## Your instructions
Pictures are to be omitted; everything else in the data must be transcribed exactly.

## The data
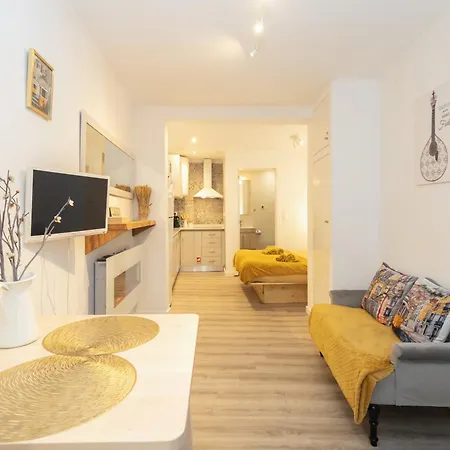 Downtown Amalia * Лиссабон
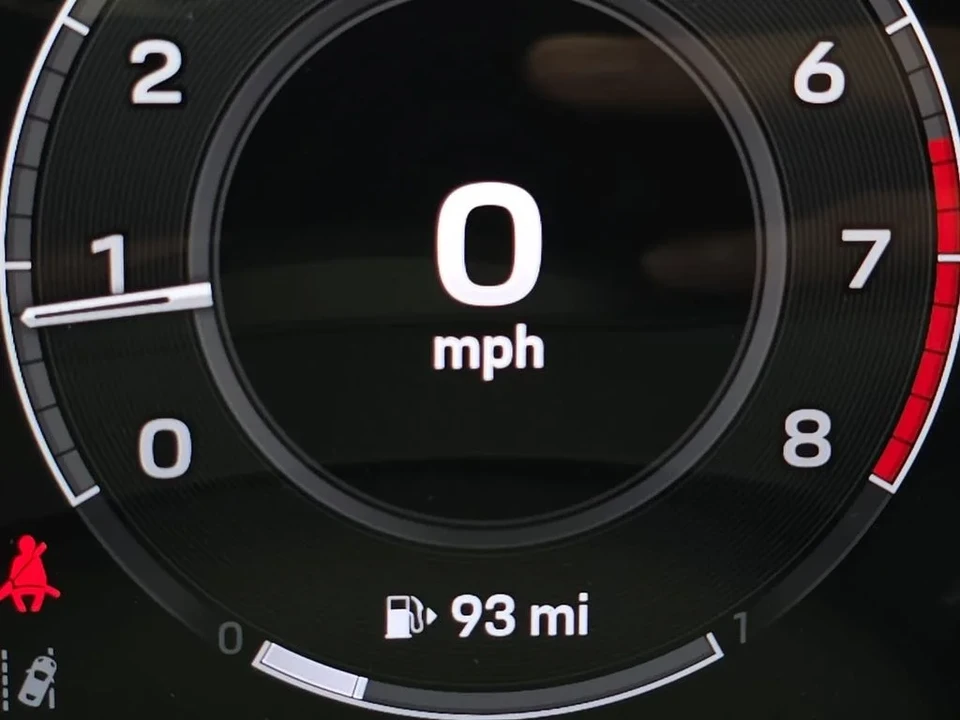 2026 Porsche 9Y0/9Y3 Cayenne - Image 14 of 31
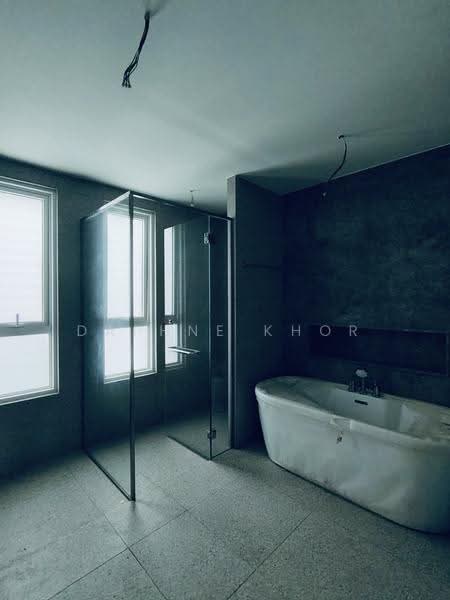 Rumah Berkembar untuk Disewa di Pulau Andaman (Tanjung Tokong) - Daphne Khor - Bathroom - PropertyGuru.com.my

## Problem solution
 Downtown Amalia * Лиссабон
 2026 Porsche 9Y0/9Y3 Cayenne - Image 14 of 31
 Rumah Berkembar untuk Disewa di Pulau Andaman (Tanjung Tokong) - Daphne Khor - Bathroom - PropertyGuru.com.my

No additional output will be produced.